Ba sam Trzaskowski bardzo często arogancko zachowuje się wobec krytycznych wobec niego uczestników spotkań wyborczych, atakuje dziennikarzy, którzy zadają mu niewygodne pytania.
Na przykład na spotkaniu w Płocku, dziennikarza lokalnego portalu, który zadał mu pytanie o częste zrzuty nieoczyszczonych ścieków do Wisły, które zanieczyszczają rzekę także w tym mieście, zaatakował odpowiedzią „że te wybory są także o to aby tego rodzaju pytania nie mogły być zadawane”.
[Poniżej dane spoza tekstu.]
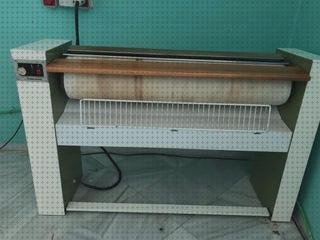 Review de rulo de planchado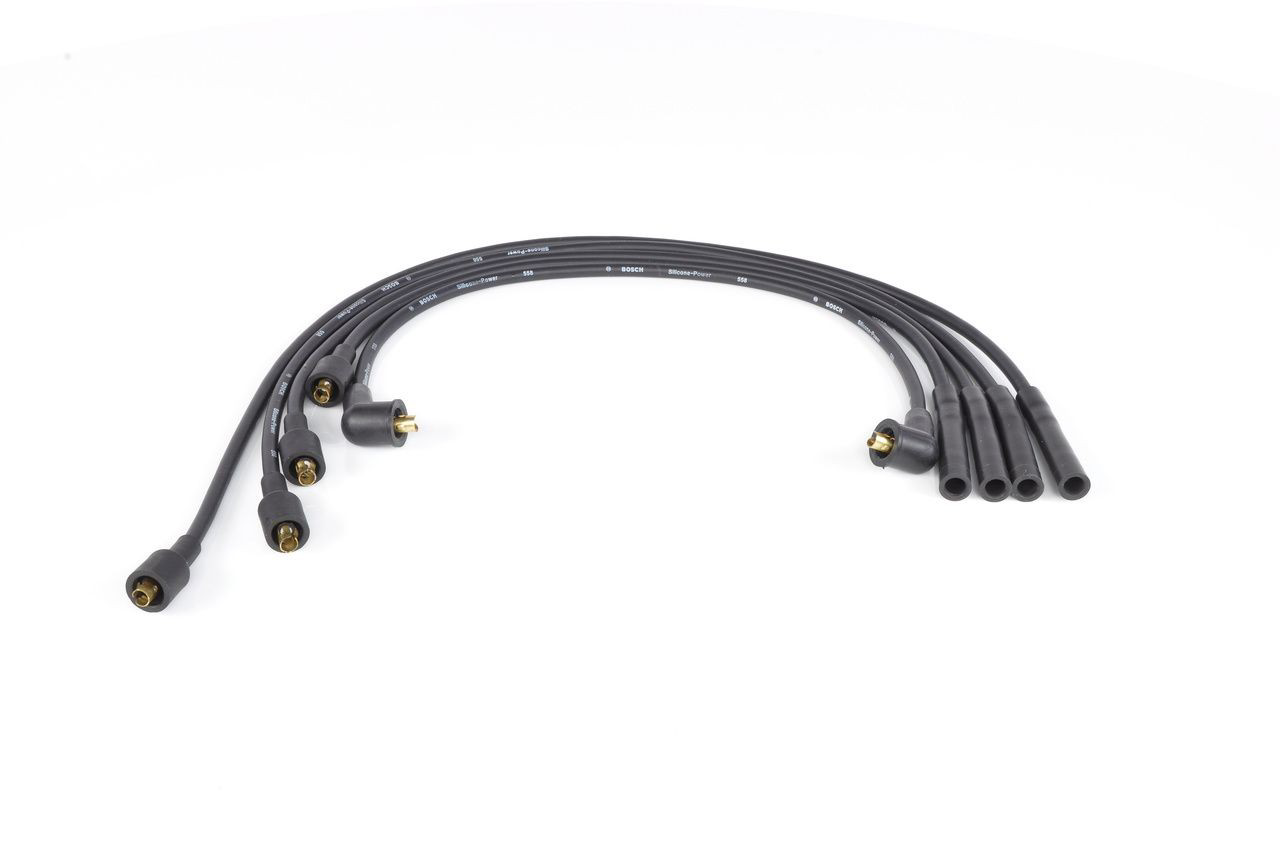Высоковольтные провода 0986357129 Bosch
Ta kuriozalna wypowiedź Trzaskowskiego, atakująca wolność dziennikarską przeszłaby kompletnie bez echa gdyby nie dziennikarze telewizji publicznej, którzy ją zarejestrowali i upublicznili ale jakiegoś szczególnego zainteresowania nimi „braci dziennikarskiej”, nie ma.
3. Posłowie Platformy Sławomir Nitras i Agnieszka Pomaska, idą znacznie dalej, na wiecach Trzaskowskiego podchodzą do tych uczestników, którzy protestują i atakują ich słownie, straszą sądami, filmują, a czasami nawet atakują fizycznie.
Na jednym z takich wieców Sławomir Nitras, chcąc sprowokować awanturę wyrwał z ręki uczestnika wiecu wuwuzelę, niszcząc ją na jego oczach, co więcej człowieka, który domagał się zwrotu swej własności, zaczął filmować i straszyć sądem.
Na kolejnym wiecu poseł Nitras wybrał sobie jako obiekt szczególnego zainteresowania starszego pana z jak się wydaje dwójką wnucząt i wręcz ścigał go przez kilkaset metrów jednocześnie filmując, tylko dlatego, że skrytykował to co mówił na wiecu Rafał Trzaskowski.
Wczoraj na terenie oczyszczalni Czajka, gdzie Rafał Trzaskowski miał konferencję prasową, Poseł Nitras fizycznie zaatakował posła Kaletę, nie pozwalając mu wejść po schodach i dojść do miejsca, gdzie to spotkanie z dziennikarzami się odbywało.
4. Z kolei Agnieszka Pomaska, próbowała wyrwać kabel zasilający prądem głośnik, którego używali protestujący na wiecu wyborczym Rafała Trzaskowskiego, doszło do przepychanek, a posłanka zaczęła udawać pokrzywdzoną tym incydentem.
Zresztą ta dwójka posłów towarzyszy Rafałowi Trzaskowskiemu we wszystkich otwartych spotkaniach wyborczych, przemieszczają się busem z kandydatem Platformy na prezydenta.
Krążą po obrzeżach wieców ich kandydata i wyszukują protestujących, żeby ich prowokować, a następnie filmować i straszyć procesami w sądach i wysokimi karami finansowymi.
5. To zadziwiająca sprzeczność widoczna wręcz na pierwszy rzut oka, Rafał Trzaskowski na wiecu mówi o polityce uśmiechów i gestach życzliwości wobec wszystkich Polaków, a na zapleczu jego ludzie, prominentni politycy Platformy, agresywnie i bez żadnych skrupułów, atakują tych, którzy ośmielają się być niezadowoleni z tego o czy mówi kandydat na prezydenta z ramienia tej partii.
To także wyjątkowo obrzydliwa zagrywka PR-owców Platformy ale dzięki mediom publicznym można było ją obnażyć i pokazać Polakom jak wyglądałaby Polska, gdyby wybory prezydenckie wygrałby kandydat tej partii.